The dermatologist described a “pent-up demand”; injectable fans are swarming practices to get their Botox. He wonders if it will last.

“For the first three or four weeks, most cosmetic doctors are going to be really busy,” Dr. Gold said. “After that, we’re going to see. If you listen to the [sales reps] everything is going to be rosy in a few months. But if you have a choice between feeding your family and getting a toxin, what are you going to do?”

There are a few new laser machines Dr. Gold has wanted to purchase for use in cosmetic treatments, but the coronavirus has made him rethink those plans. “Are you going to buy a $100,000 laser or pay your staff? I plan on buying nothing for a while. We’ll utilize what we have,” he said.

Bill Kortesis, a plastic surgeon in Charlotte, North Carolina, feels “optimistic” that the demand will remain. “There’s a consensus among leaders in the space that we’re going to see a huge influx now,” he said. “The number of phone calls, emails, and social media inquiries hasn’t slowed down for me.
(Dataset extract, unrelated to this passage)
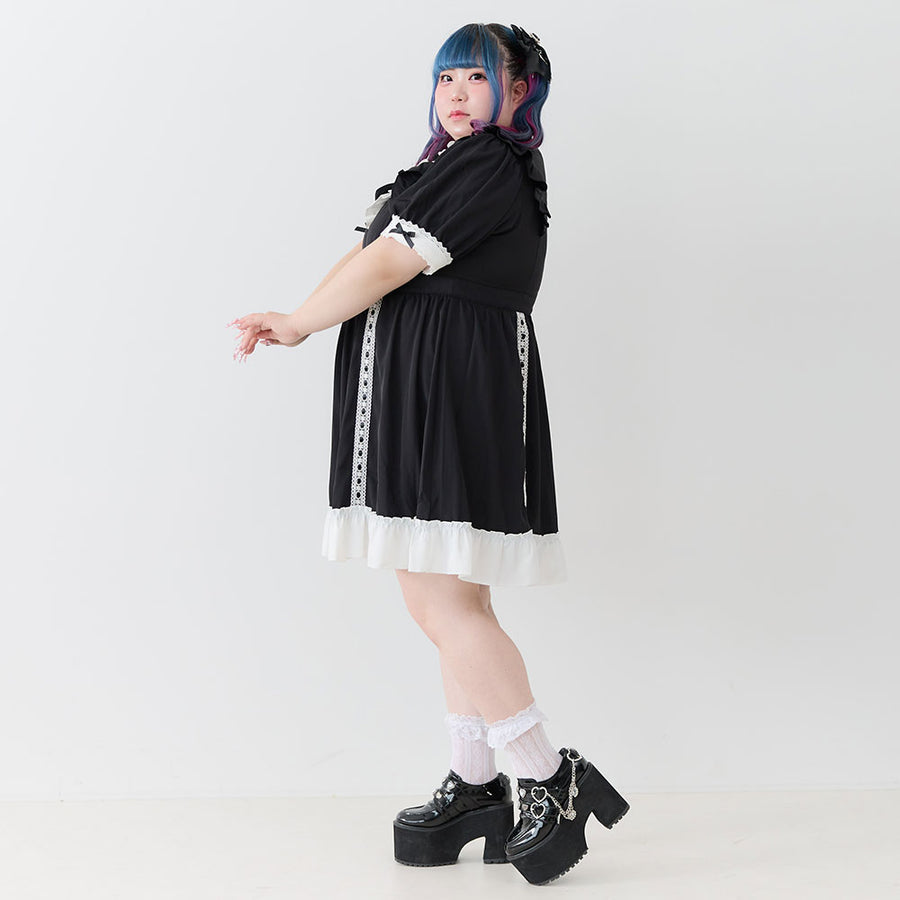 Dear My Love Whip "Lace-up Ribbon Dolly" dress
I think since people are not spending money on summer vacations, they’ll want to spend money on themselves.”

Mandy LaMay, a 28-year-old insurance broker from Denver, considers her Botox a necessary step for easing out of lockdown and getting back to real life.

“I got my hair done yesterday,” she said. “This is my full week of self care, so if I have to jump on a Zoom call and share my screen, at least I can feel nice. I can look in the mirror and see myself looking as good as I feel. It’s important to me, my appearance. So that would make it essential.”

For the past decade, Dr. William M. Portnoy has hosted a spring Botox filler “special” in his New York practice. The event is usually held near Mother’s Day weekend; the coronavirus pushed it into mid-May.

“People look forward to it,” the otolaryngologist and facial plastic surgeon said. “I wasn’t quite sure if I was going to proceed or not just by the whole virtue of what’s going on in our community. But I decided to run with it. People were excited to get out and do something nice for themselves after 10 weeks of socially isolating.”

Irene, the patient in Nashville, was considered an essential worker during the pandemic. Despite being high-risk—she has an autoimmune disease in her liver—Irene clocked in everyday at her home remodeling job.

“My experience was one of a lot of fear and anxiety and exhaustion,” Irene said. “I was in complete emergency mode for six weeks.”

When Tennessee lifted its stay-at-home order, Irene began to feel a little more certainty that she would keep her paycheck and be able to provide for her preteen daughter.

“Now I’m at this point where I could be dead from this disease at any point,” she said. “What am I waiting for? What am I scared of?”

She wanted to return to Dr. Gold’s office after visiting for Botox about a year ago; her new confidence and a $500 gift card pushed her to make an appointment for this week.

“As soon as the mindset changed, I felt that I want aesthetics in my life,” Irene said. “I couldn’t hold onto my fear anymore.”

When the Botox needle hit Irene’s forehead, a nurse joked that the patients “get into the pain.” Irene joked back, “I feel alive!”

“It wasn’t going to hurt,” she recalled one day after Botox. “I was going to be empowered and I was going to be brave. There were a lot of emotions. This is just another addition to our new Twilight Zone reality.”